The actual story centers on Zeph Walker (although Grandma Annie gets POV billing as well) and his journey back to faith. As a child, he was touted as the Prophet of the Plains and received words from God (Tellings, he called them), but through a series of tragic circumstances eventually lost his way – and gained a hideous facial scar. The flashback scenes are compelling and the novel could have simply been about his coming of age, loss of faith, and struggle with his inner demons. But as it stands, the setting of an old Death Valley mining town, and the plot featuring a spiritual rift in the columns that separate heaven-from-earth-from-hell serves the story well – and provides a platform for those inner demons to materialize (literally) into some hapless standbys.
Overall, The Telling is well told. Duran is a good writer, a competent story teller, and taps his creative muse when it comes to plot, crisis, and resolution. A parallel story line introduced early in the book did add to the tension and kept me reading those first hundred pages of set up. But when the action truly kicked it, I felt this second plotline dangled a bit. The two stories did come together, however, and the ending was nicely drawn (if a bit pat), but the climax’s final showdown between Zeph and those aforementioned demons was a bit of a letdown. Still, this sophomore project has all the hallmarks that make for an entertaining (non-proselytizing) spiritual thriller. Recommended for speculative fiction fans of all stripes and rated a solid B+.
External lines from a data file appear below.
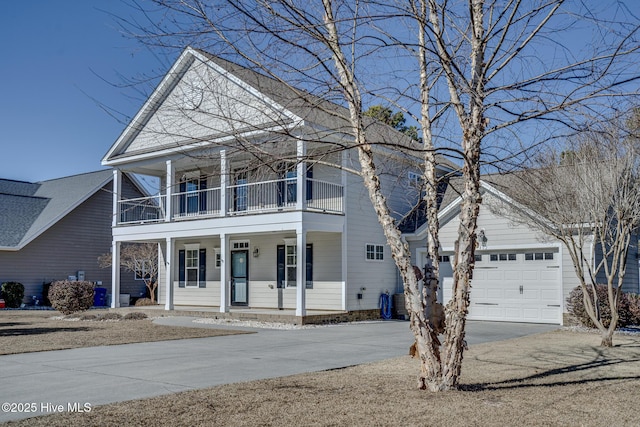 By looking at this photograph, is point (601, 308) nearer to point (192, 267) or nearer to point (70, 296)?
point (192, 267)

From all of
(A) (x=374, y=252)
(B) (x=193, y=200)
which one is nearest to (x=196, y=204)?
(B) (x=193, y=200)

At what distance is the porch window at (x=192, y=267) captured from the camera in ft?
78.1

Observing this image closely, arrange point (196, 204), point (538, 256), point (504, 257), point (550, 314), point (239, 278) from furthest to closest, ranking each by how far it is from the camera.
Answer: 1. point (196, 204)
2. point (239, 278)
3. point (504, 257)
4. point (538, 256)
5. point (550, 314)

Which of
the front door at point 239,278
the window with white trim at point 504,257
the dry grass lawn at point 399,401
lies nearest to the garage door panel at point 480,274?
the window with white trim at point 504,257

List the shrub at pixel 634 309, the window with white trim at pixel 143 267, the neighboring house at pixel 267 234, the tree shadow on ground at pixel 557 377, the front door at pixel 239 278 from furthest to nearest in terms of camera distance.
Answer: the window with white trim at pixel 143 267
the front door at pixel 239 278
the neighboring house at pixel 267 234
the shrub at pixel 634 309
the tree shadow on ground at pixel 557 377

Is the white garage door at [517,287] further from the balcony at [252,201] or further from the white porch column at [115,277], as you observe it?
the white porch column at [115,277]

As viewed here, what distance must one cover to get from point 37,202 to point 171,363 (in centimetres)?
2351

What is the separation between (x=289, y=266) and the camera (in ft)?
69.4

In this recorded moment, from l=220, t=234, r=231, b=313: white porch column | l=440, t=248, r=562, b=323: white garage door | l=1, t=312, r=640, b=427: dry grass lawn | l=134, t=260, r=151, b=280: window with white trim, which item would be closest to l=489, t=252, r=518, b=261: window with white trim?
l=440, t=248, r=562, b=323: white garage door

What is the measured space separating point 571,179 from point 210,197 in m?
13.5

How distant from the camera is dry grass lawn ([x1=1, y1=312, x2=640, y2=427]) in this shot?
617cm

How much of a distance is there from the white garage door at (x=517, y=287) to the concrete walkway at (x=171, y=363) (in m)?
2.88

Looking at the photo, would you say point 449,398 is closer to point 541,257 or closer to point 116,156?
point 541,257

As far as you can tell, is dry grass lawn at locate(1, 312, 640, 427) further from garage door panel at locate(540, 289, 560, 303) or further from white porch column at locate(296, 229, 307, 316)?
garage door panel at locate(540, 289, 560, 303) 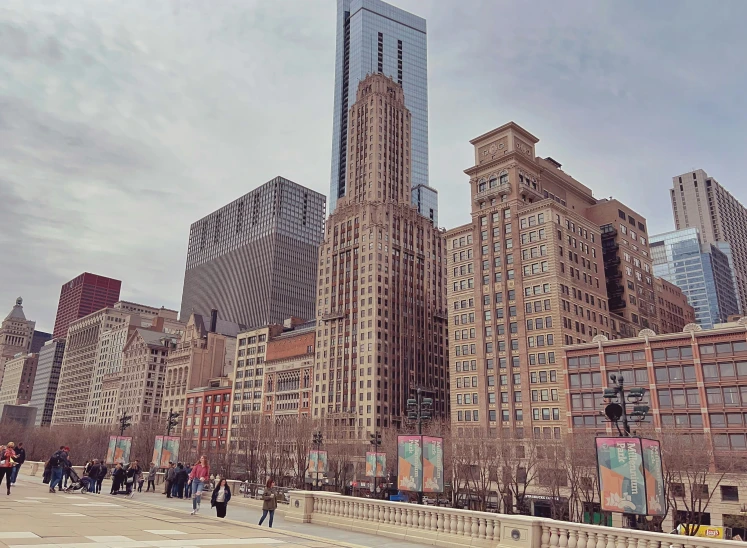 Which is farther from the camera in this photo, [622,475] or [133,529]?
[622,475]

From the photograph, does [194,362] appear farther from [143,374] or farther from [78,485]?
[78,485]

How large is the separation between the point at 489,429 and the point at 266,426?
36753 mm

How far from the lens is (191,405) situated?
15688cm

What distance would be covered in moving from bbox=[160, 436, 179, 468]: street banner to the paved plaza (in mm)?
16200

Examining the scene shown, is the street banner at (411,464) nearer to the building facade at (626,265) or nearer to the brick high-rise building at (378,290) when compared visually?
the brick high-rise building at (378,290)

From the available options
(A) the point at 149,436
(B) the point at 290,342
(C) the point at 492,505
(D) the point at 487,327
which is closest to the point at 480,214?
(D) the point at 487,327

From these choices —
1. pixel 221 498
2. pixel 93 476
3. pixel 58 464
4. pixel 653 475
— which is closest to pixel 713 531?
pixel 653 475

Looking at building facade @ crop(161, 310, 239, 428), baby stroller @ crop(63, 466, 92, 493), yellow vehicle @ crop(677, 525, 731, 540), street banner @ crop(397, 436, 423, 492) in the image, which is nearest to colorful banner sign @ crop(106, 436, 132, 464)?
baby stroller @ crop(63, 466, 92, 493)

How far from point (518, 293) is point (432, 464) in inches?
2755

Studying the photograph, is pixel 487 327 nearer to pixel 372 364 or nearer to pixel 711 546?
pixel 372 364

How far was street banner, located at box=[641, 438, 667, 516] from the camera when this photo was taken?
18.8m

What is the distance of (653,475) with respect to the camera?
19.1m

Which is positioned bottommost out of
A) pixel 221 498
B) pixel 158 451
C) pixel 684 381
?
pixel 221 498

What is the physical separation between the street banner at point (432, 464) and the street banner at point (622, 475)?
8214mm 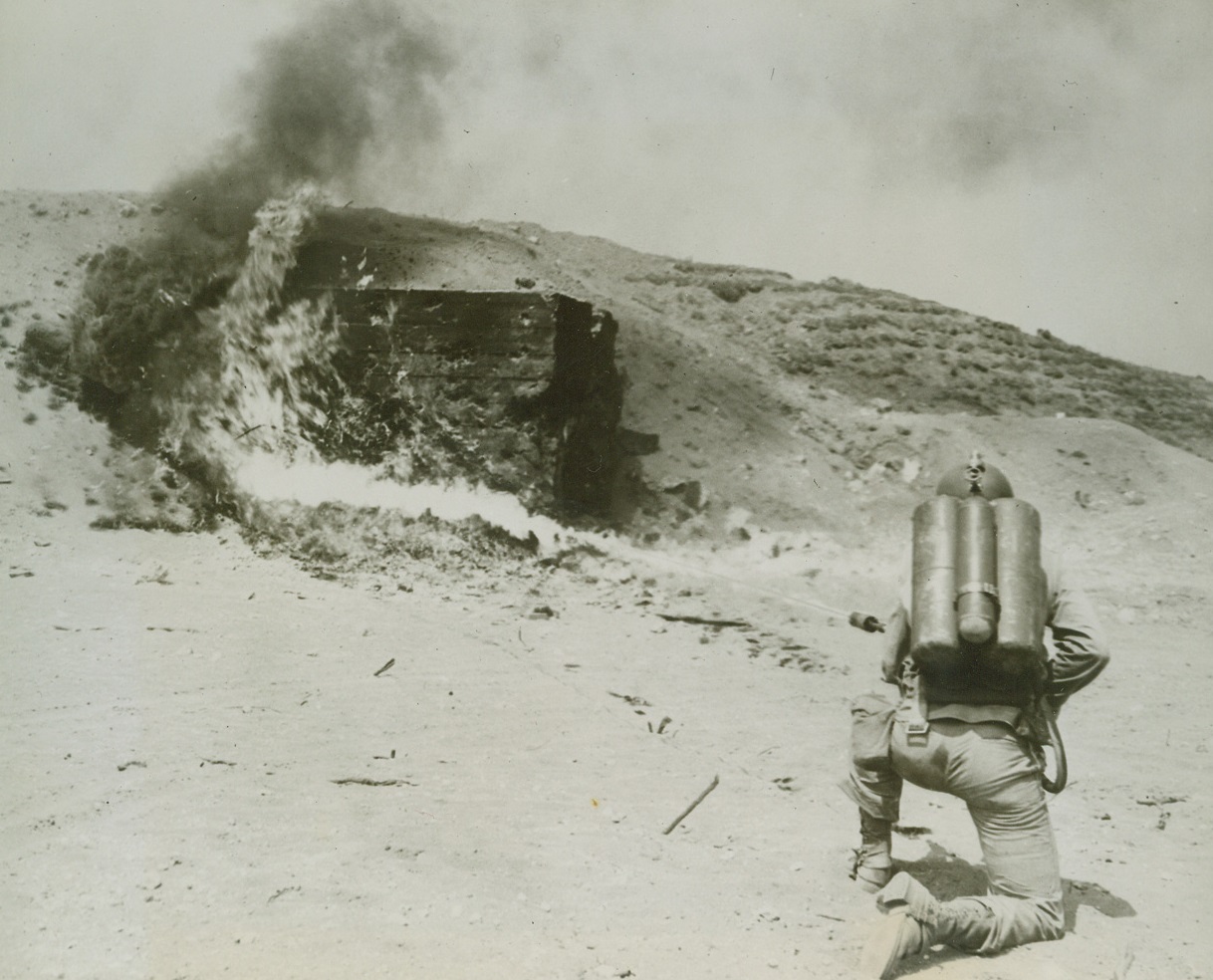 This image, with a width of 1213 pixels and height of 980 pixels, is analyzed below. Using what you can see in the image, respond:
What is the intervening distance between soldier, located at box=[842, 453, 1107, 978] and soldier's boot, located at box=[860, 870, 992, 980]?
0.5 inches

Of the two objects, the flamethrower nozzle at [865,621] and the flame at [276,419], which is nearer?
the flamethrower nozzle at [865,621]

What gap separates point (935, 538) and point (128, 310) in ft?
28.8

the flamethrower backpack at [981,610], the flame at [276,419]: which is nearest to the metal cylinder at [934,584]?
the flamethrower backpack at [981,610]

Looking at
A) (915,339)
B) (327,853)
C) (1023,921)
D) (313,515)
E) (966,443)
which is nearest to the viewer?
(1023,921)

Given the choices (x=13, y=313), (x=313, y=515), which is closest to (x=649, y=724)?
(x=313, y=515)

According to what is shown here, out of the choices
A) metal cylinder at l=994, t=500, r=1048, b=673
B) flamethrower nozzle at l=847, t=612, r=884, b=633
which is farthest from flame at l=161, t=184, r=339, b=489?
metal cylinder at l=994, t=500, r=1048, b=673

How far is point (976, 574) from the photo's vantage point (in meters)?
3.79

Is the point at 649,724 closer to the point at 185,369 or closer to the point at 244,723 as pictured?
the point at 244,723

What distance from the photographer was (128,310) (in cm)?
1015

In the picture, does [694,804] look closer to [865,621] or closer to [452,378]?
[865,621]

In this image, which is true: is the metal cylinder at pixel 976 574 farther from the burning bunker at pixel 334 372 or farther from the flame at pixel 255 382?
the flame at pixel 255 382

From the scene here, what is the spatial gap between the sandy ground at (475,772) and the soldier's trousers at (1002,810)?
0.16 meters

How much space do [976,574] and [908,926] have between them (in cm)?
124

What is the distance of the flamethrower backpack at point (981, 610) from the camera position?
373 centimetres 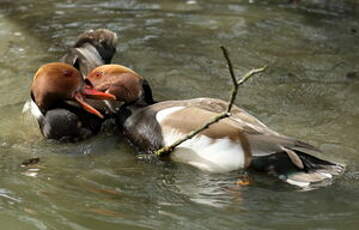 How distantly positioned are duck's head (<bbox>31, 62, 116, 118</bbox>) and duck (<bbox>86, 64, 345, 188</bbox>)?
0.34 metres

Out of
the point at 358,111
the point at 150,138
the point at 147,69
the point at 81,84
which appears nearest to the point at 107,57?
the point at 147,69

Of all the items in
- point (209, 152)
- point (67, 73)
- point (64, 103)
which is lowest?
point (209, 152)

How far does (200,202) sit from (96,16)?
4.04m

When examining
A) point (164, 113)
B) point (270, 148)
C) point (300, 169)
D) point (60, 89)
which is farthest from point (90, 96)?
point (300, 169)

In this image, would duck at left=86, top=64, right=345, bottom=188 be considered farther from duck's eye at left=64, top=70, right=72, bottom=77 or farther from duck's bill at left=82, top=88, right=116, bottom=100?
duck's eye at left=64, top=70, right=72, bottom=77

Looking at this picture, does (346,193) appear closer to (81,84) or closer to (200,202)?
(200,202)

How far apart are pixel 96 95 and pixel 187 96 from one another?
1049 mm

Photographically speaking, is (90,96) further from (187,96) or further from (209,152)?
(187,96)

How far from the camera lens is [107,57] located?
5301 millimetres

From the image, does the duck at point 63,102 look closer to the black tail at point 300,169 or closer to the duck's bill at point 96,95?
the duck's bill at point 96,95

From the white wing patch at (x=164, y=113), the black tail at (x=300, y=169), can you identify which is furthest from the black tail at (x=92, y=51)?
the black tail at (x=300, y=169)

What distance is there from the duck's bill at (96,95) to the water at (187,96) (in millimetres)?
313

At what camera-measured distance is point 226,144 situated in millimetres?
3748

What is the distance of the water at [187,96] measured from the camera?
3.34 meters
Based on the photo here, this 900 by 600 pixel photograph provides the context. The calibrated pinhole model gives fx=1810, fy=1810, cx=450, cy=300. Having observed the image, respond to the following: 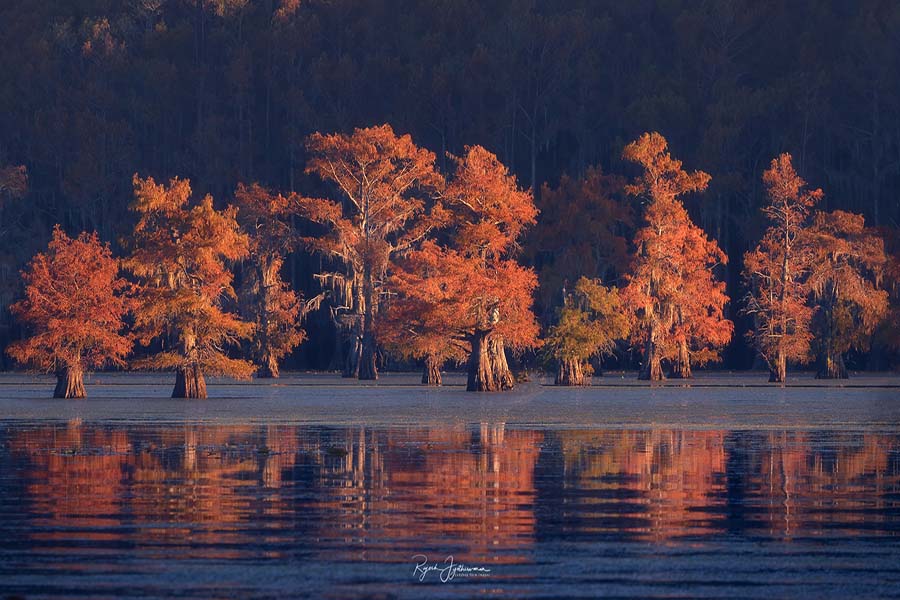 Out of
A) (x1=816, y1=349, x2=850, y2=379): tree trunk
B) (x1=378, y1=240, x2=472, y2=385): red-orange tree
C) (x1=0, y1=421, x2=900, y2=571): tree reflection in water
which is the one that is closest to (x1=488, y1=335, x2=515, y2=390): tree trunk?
(x1=378, y1=240, x2=472, y2=385): red-orange tree

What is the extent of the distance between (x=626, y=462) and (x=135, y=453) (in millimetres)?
8594

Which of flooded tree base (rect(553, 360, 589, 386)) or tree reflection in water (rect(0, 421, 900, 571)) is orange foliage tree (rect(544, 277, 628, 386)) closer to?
flooded tree base (rect(553, 360, 589, 386))

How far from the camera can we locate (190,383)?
65312mm

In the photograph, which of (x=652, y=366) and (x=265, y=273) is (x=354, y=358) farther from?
(x=652, y=366)

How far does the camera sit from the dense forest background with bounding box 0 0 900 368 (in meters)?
98.1

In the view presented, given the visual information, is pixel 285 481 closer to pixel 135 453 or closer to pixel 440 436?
pixel 135 453

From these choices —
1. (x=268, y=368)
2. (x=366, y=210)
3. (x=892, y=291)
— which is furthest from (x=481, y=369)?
(x=892, y=291)

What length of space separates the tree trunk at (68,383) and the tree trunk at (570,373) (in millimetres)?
24445

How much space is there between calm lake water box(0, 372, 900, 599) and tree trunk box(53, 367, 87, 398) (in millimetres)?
21471

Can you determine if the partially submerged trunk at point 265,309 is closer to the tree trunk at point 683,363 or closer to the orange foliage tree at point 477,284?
the orange foliage tree at point 477,284

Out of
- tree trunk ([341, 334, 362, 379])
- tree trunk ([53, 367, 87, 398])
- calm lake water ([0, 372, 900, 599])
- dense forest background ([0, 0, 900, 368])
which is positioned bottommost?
calm lake water ([0, 372, 900, 599])

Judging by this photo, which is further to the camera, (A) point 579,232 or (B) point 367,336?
(A) point 579,232

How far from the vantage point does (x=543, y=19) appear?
4075 inches

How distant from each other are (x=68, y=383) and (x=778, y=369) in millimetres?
35070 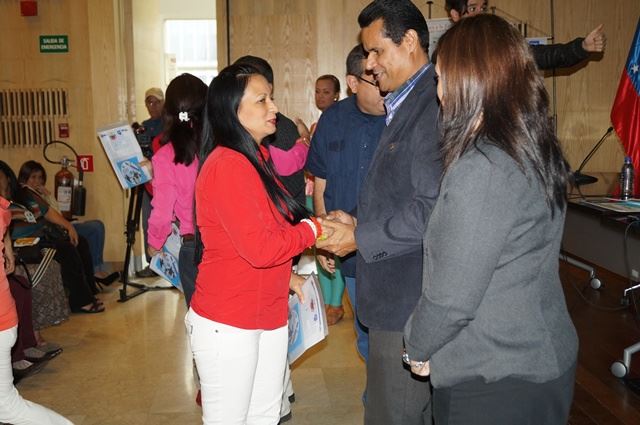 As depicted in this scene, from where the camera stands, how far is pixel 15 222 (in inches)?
202

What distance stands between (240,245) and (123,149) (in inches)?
146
[Note: I received a free copy of this book in conjunction with the CSFF Blog Tour. I've not met Mike, but follow his blog here and interact with him a bit on Facebook. We share a philosophical position in that we both believe the purpose of fiction is not to serve as a tract for a particular theological position, but rather to faciliate engagement with the truth. I don't want to put words in his mouth, but I think we'd both agree that art isn't meant as a vehicle for precepts, while at the same time we could argue that art does (and should) communicates truth. The Telling is a novel that deals with issues of faith, doubt, calling, angels, demons, and a whole host of "religious" issues - and yet is not a "Christian" novel (in fact, I don't believe there is such a thing as "Christian" art). That is, this novel is not meant to deliver a predetermined theology of Christian faith, it is simply a story that is spiritually infused, entertaining, and, yes, thought-provoking in that it has a theme many of us can identify with - losing our way when the path seemed so clear to us at one point in our lives.]